• Task objective
Transcribe all the data below exactly, leaving its pictures out.

• The data
· · · · ·
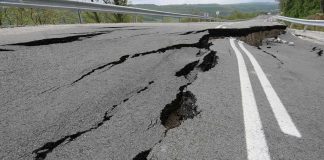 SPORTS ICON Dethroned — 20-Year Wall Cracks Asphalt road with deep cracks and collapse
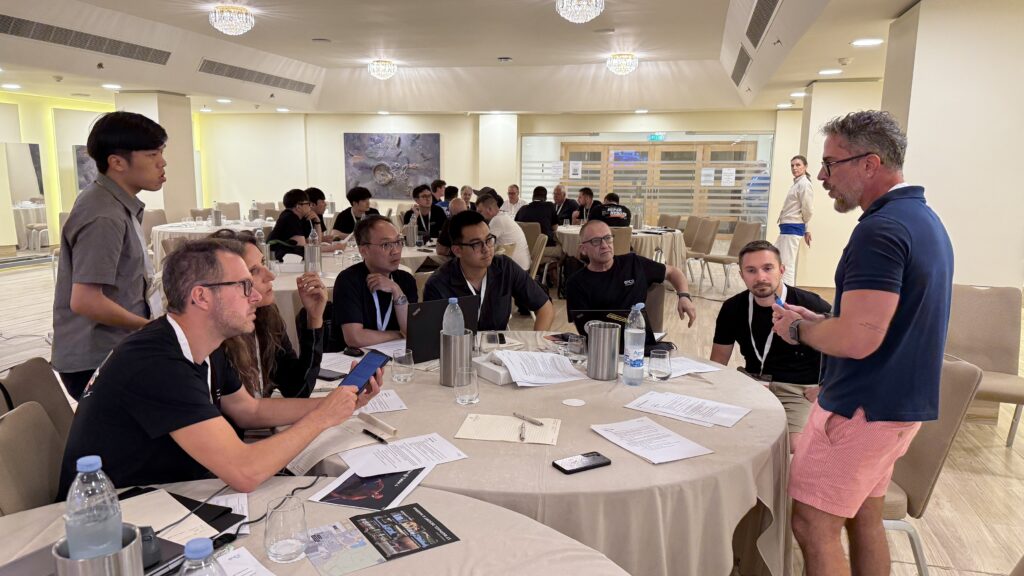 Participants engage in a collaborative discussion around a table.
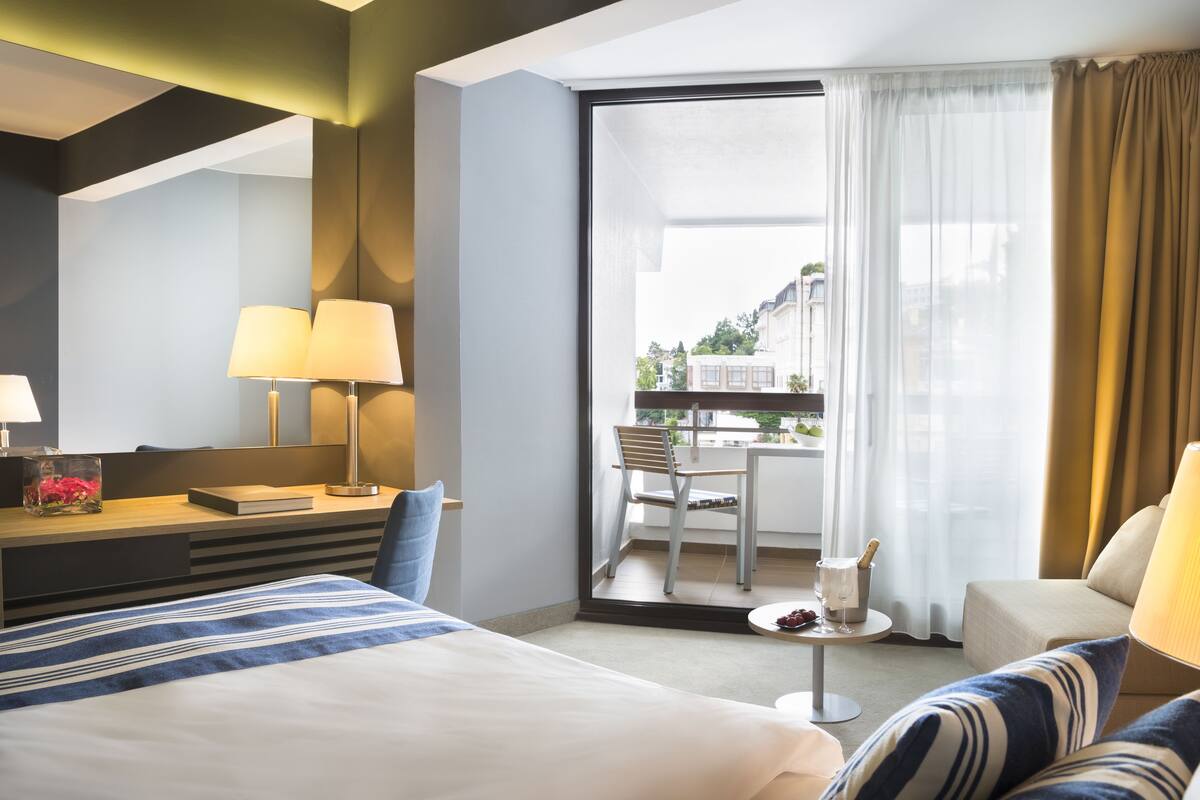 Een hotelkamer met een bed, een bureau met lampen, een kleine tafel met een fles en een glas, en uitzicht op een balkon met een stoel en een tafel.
· · · · ·
• Your solution
 SPORTS ICON Dethroned — 20-Year Wall Cracks Asphalt road with deep cracks and collapse
 Participants engage in a collaborative discussion around a table.
 Een hotelkamer met een bed, een bureau met lampen, een kleine tafel met een fles en een glas, en uitzicht op een balkon met een stoel en een tafel.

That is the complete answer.